After a brief illness, Melissa Rhys Powel died unexpectedly in her sleep on Jan. 4, 2024 at her home in Albany, Ore. She was alone at the time; no cause of death was reported. She was 68.
Known to friends and family as “Lissy” or “Mel,” Melissa was born in Wilmington, Del. on March 3, 1955, the youngest of Barbara and Robert Powel’s five children. Her mother earned a degree in botany at Hunter College and taught elementary school. Her father was a certified public accountant.
According to Melissa’s sister Linnet Hultin, their mother “inspired all her children with a love of plants, habitat, and environments,” a love that Linnet and Melissa, who were “inseparable,” expressed by spending hours exploring the woods and streams behind their Delaware home.
“Aunt Lissy” spent every summer during high school with her sister Robin’s family, taking care of her nieces Stevie and Barbie, who remember walking and exploring the woods together with great fondness. They were amazed that Melissa knew all the trees by name.
She graduated from Newark High School in 1972 and earned a B.S. in ornamental horticulture from the University of Delaware in 1977. Although she did not pursue horticulture as a career, she deployed her knowledge at the family home in Delaware before moving to Provincetown in the late 1970s to be with Linnet.
Melissa fell in love with Provincetown. She worked as a server at Ciro and Sal’s, at the Flagship, and at Café Poyant. Her best friend was Pierre Densley Evans, a larger-than-life Provincetown personality who worked in restaurants and took aura photographs for an astrologer working at Whaler’s Wharf before the fire. She helped raise her nieces Cassie and Erin.
“Her spirit of adventure, love of the arts, and zest for life were contagious,” Linnet said, “and she instilled in all of her nieces similar lifelong passions.”
Melissa’s mother moved to be with her daughter Robin in Oregon, and Melissa followed in 1991, ready after 12 years in Provincetown to swap the sand dunes of the Outer Cape for the forests and mountains of coastal Oregon.
Melissa worked for the city of Corvallis, where she was in charge of accounts for the dept. of public works. She faithfully returned to the Outer Cape every summer for her cherished beach vacation, most recently after she retired in June 2023, to spend July with Linnet, enjoying days on her favorite Truro beaches and nights at the Provincetown restaurants she had worked at many years earlier.
In recent years she and her sister Virginia, a lawyer in Philadelphia, bonded over their love of opera, passed down from their father. Lissy and Ruthie, the pet names they had given each other, chatted often on the phone about their favorite, Verdi’s La Traviata.

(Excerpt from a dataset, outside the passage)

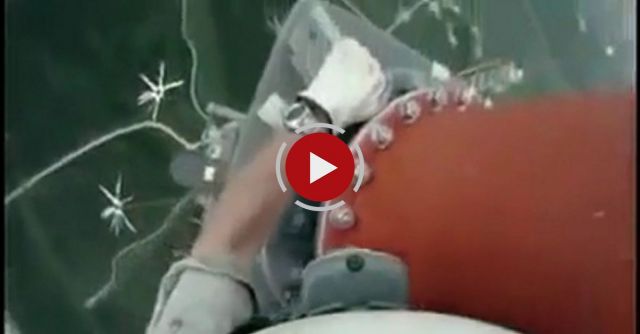 The Most Dangerous Job In The World - Needs Strong Heart To Watch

During her years in Provincetown, Melissa learned her way around the water, helping Linnet with her lobster pots and catching bluefish to use for bait. In Oregon, she became adept at freshwater fishing, camping and searching for the best trout streams.
Remembered by her family and friends for her striking beauty, her sharp wit, intelligence, artistic talent, and fine sensibility, Melissa was also a reader, a gardener, and an adventurer. “Her death,” Linnet said, “came as a great shock.”
Melissa is survived by her sisters, Robin Powel of Corvallis, Ore., Linnet Hultin of North Truro, and Virginia Powel of Wyndmoor, Pa.; her nieces, Barbie, Stevie, Cassie, and Erin; grandnieces Lissa, Lauren, Carly, Coral, and Lula; grandnephews Ben, Clay, Adin, and Fergus; and a great-grandniece and great-grandnephew.
She was predeceased by her parents, her brother, Christopher “Kit” Powel, and Pierre D. Evans, her friend and partner in thrifting.
Funeral plans have not been finalized. A memorial is planned for August 2024 in Provincetown, with details to be announced.
In lieu of flowers, the family requests that friends make donations in Melissa’s memory to their favorite charities.